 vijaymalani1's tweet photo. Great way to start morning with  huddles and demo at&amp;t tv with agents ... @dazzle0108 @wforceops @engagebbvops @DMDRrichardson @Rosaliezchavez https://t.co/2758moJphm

* * *

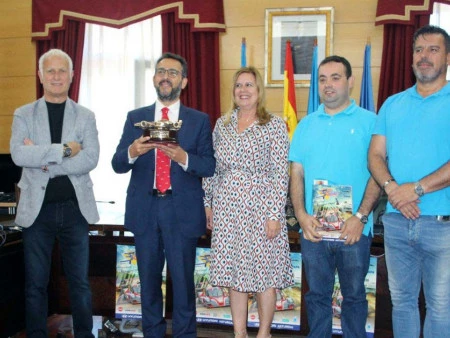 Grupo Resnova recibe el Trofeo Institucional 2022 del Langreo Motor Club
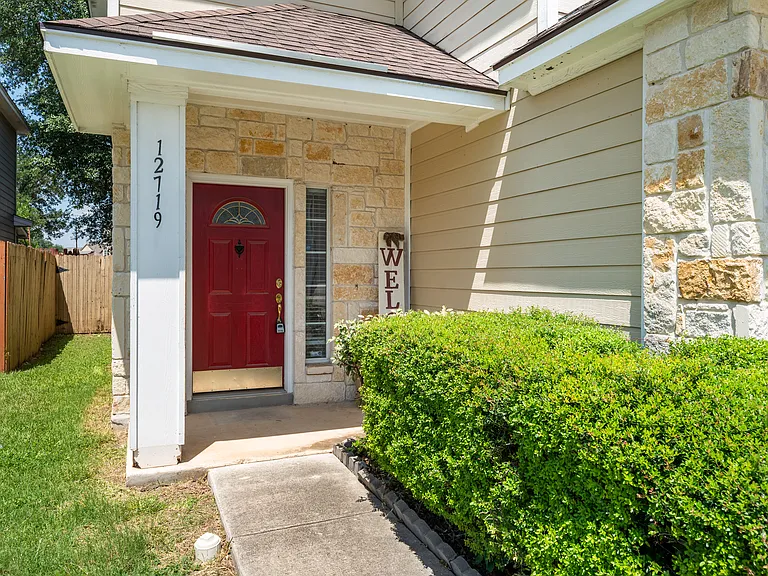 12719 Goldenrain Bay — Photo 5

--

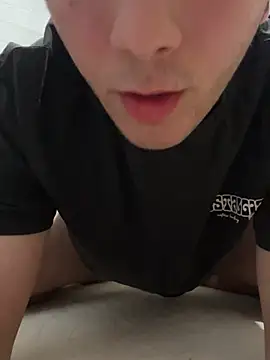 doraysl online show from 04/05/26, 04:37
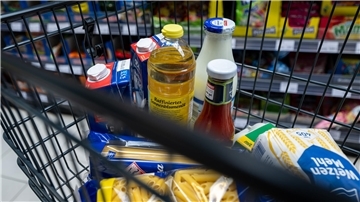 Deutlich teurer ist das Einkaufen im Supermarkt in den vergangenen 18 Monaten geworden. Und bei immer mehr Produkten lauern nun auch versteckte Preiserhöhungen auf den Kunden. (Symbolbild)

WORK ORDER. Within the listing above, the lines starting at the one containing "doraysl online show from 04/05/26, 04:37" and ending at the one containing "Deutlich teurer ist" are to be returned exactly. Omit the pictures.

ANSWER TO THE EXERCISE.
 doraysl online show from 04/05/26, 04:37
 Deutlich teurer ist das Einkaufen im Supermarkt in den vergangenen 18 Monaten geworden. Und bei immer mehr Produkten lauern nun auch versteckte Preiserhöhungen auf den Kunden. (Symbolbild)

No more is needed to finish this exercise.